Ireland re-enters bond markets
27 July 2012
Conall Mac Coille
Yesterday (July 26th), the National Treasury Management Agency raised €5.2bn of funding through an offer to switch €1bn of 2013 and 2014 bonds into newly minted 2017 and 2020 bonds; outright sales were €4.2bn. Excluding the switch out of 2013 and 2014 bonds, a total €4.2bn of new debt was raised. So a major obstacle has been overcome in securing access for Ireland to market funding at sustainable low costs. However, yesterday's bond auction is only a first step. The offered yields of close to 6% are still too high and will need to fall further to guarantee Ireland's debt sustainability.
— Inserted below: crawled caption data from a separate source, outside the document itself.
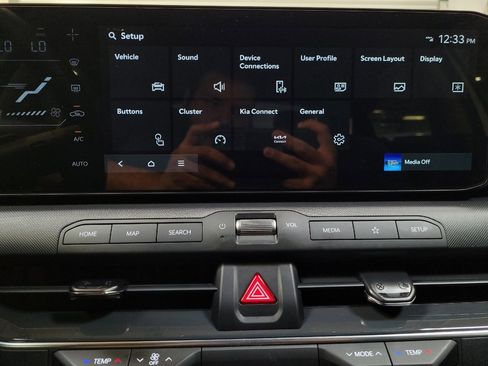 Used 2025 Kia K4 EX FWD image 25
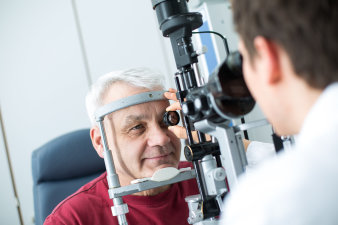 Foto: Augenuntersuchung © Helios Kliniken GmbH Auge eines Patienten wird mittels optischen Gerätes untersucht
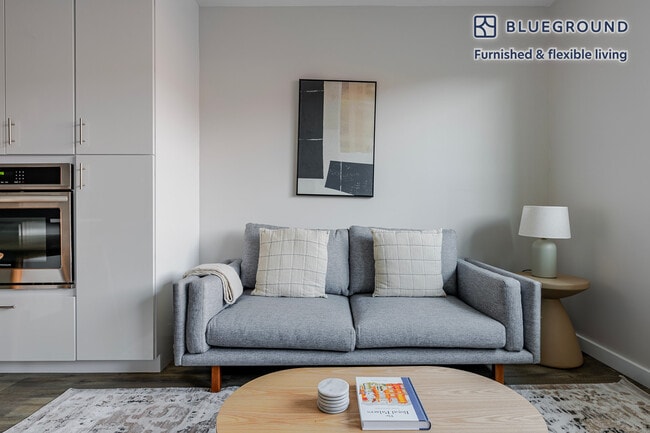 10 Essex St in Cambridge, MA - Foto de edificio - Building Photo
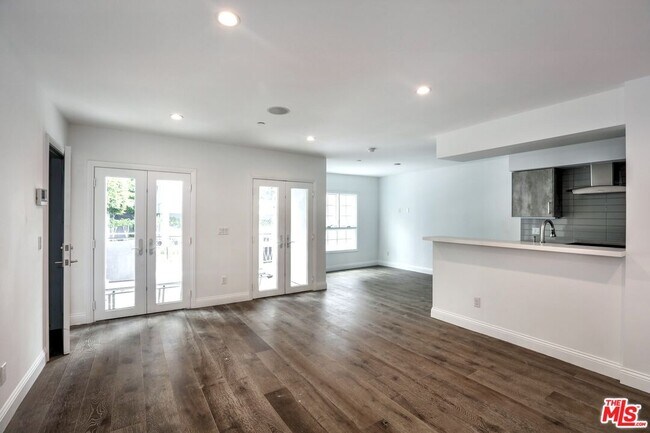 Building Photo - 1109 Alta Loma Rd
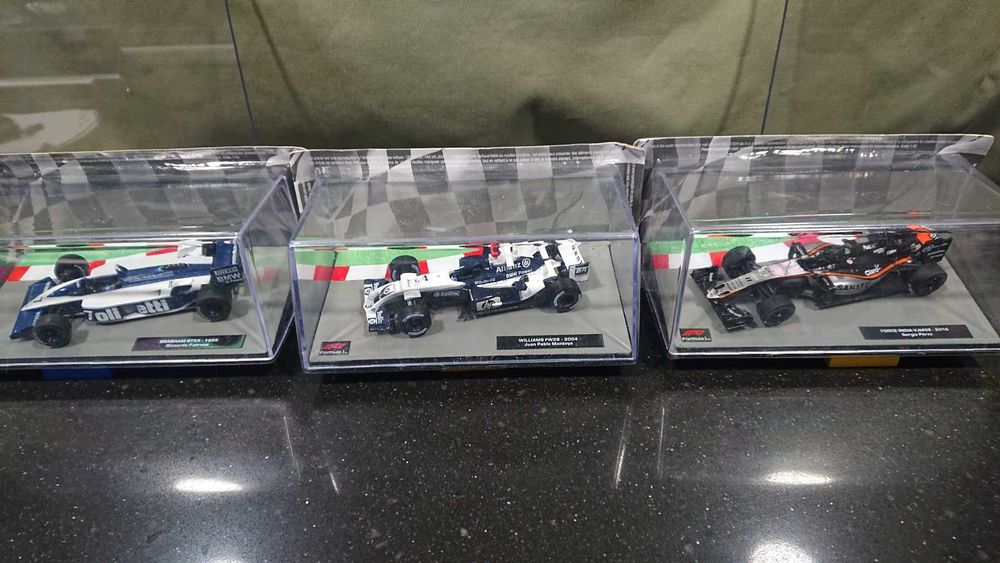 16 Miniaturas Formula 1 / F1  (1/43) - IXO / Minichamps
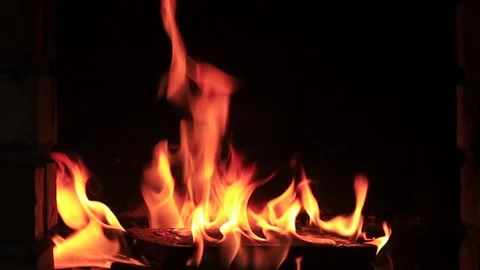 Fire burns in the fireplace Video stock 199994149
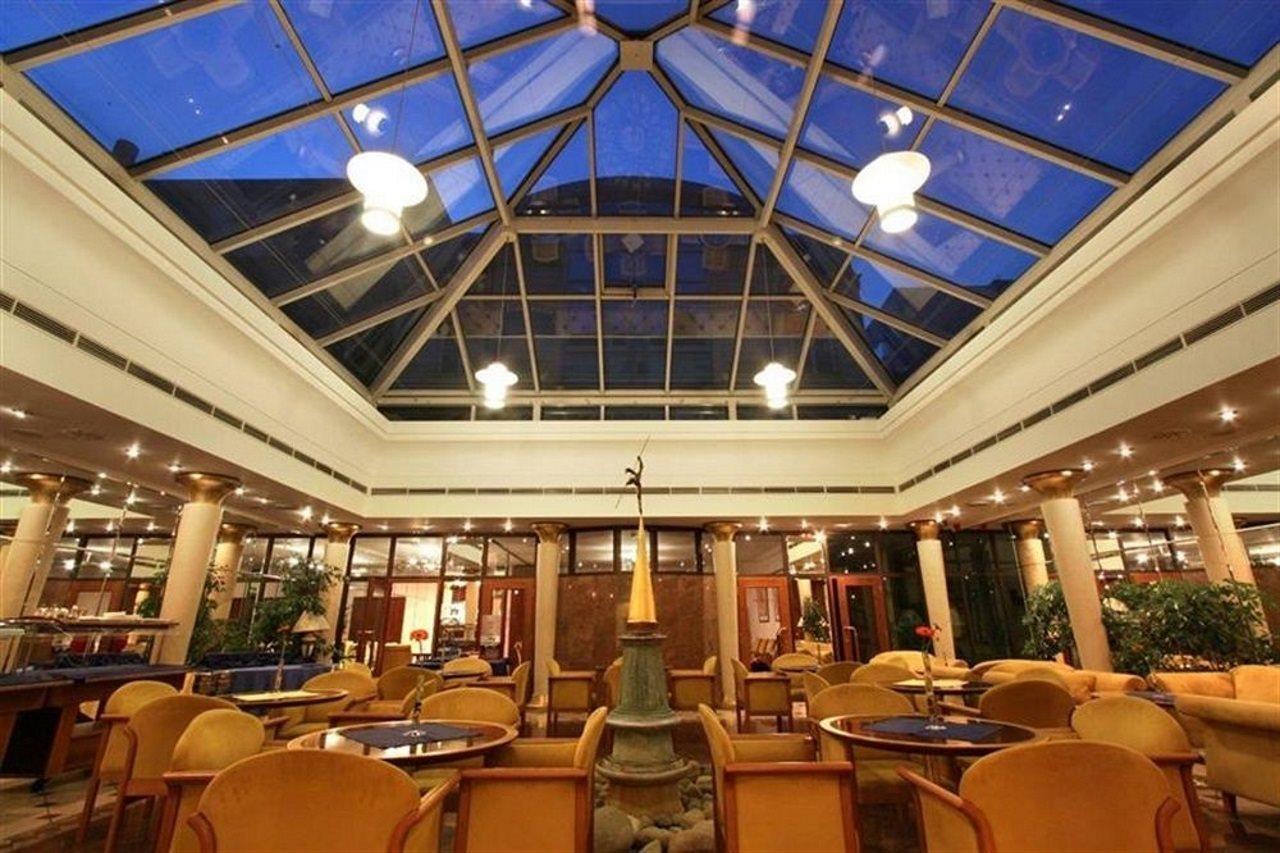 Galerie Royale Hotel Prague Ngoại thất bức ảnh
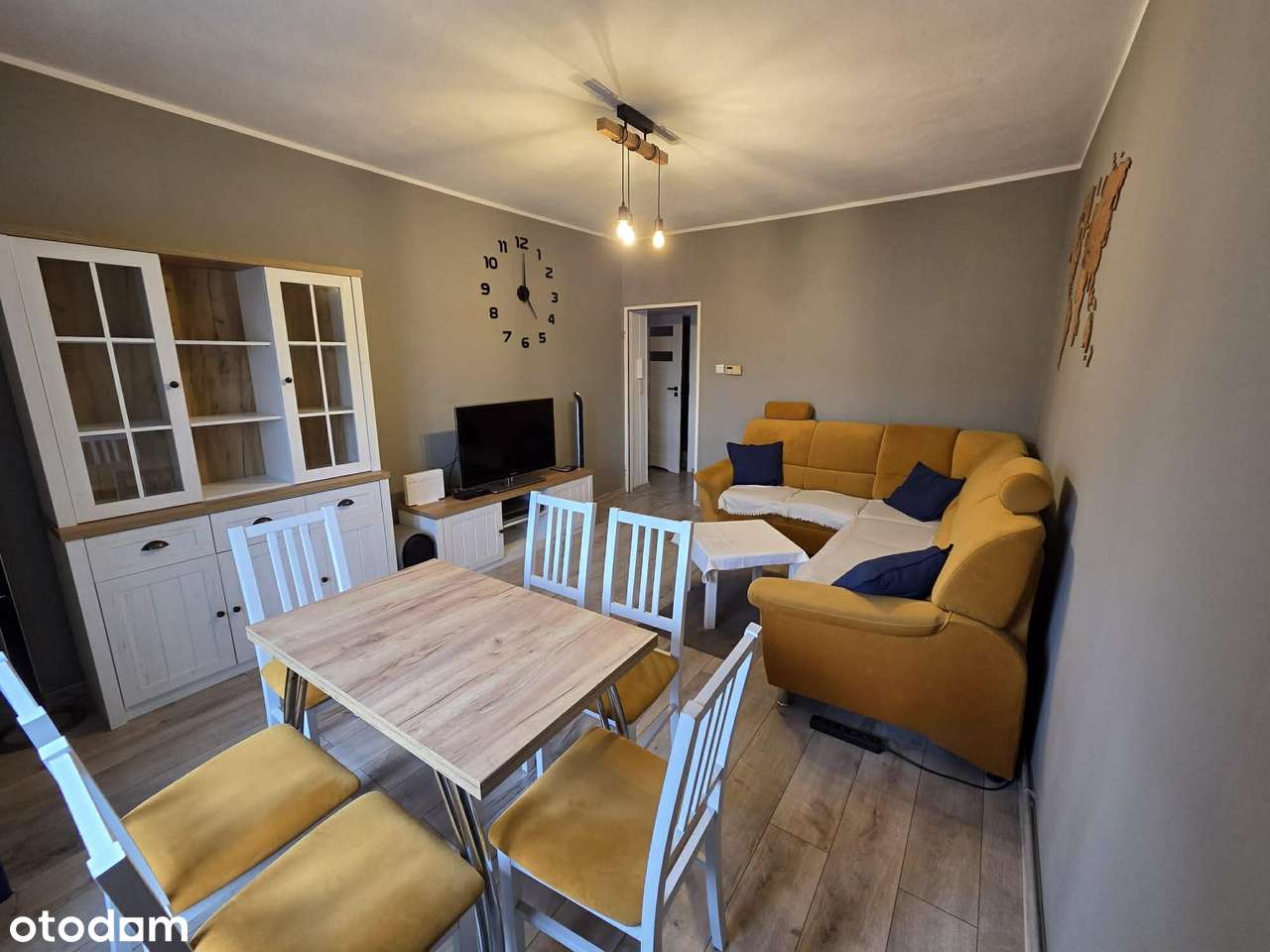 Sprzedam przytulne 2 pokojowe mieszkanie w dobrej lokalizacji !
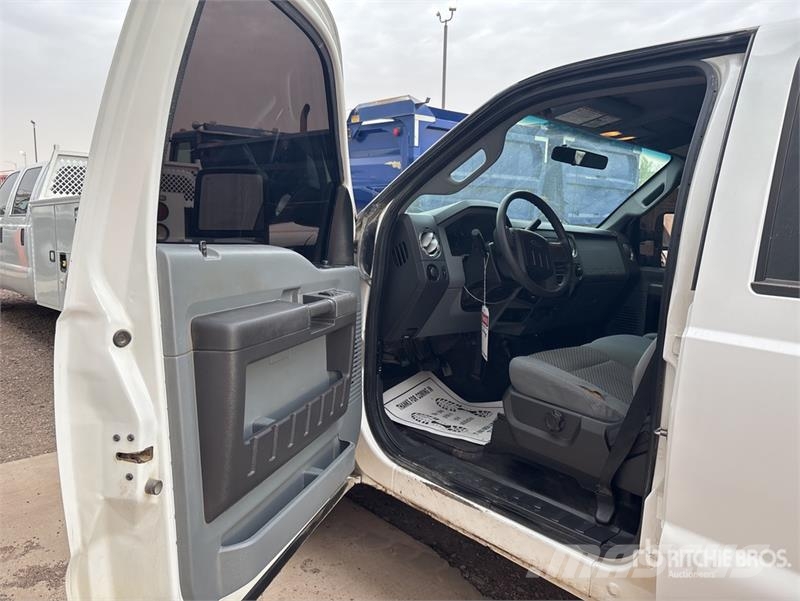 Ford F-250 XLT 4x4 Crew Cab Pickup Kita
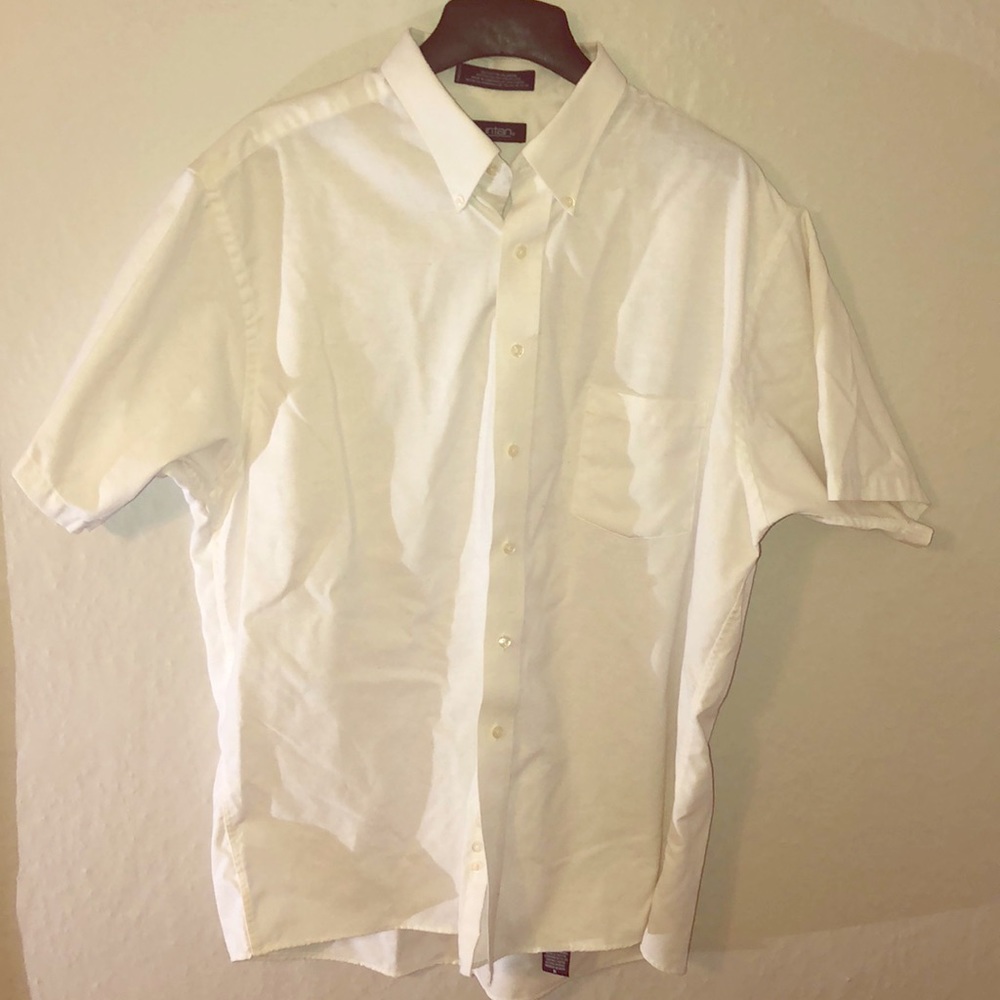 White Men’s Short Sleeve Button Up Dress Shirt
Comments from ECB President Mario Draghi, hinting at a re-opening of the ECB's SMP bond buying programme, helped peripheral European debt prices yesterday .So the offer of a 5.9% yield on the 2017 Irish bond (and a 6.1% yield on the 2020 bond) looked ever more attractive as the day progressed. The Minister for Finance indicated that the majority of demand came from international investors. Clearly, a major obstacle has been overcome for Ireland in reducing its cost of funding. With the bid-ask spread on the 2018 bond now ranging from 5.6% to 5.9%, a rally in the 2017 bond seems likely today.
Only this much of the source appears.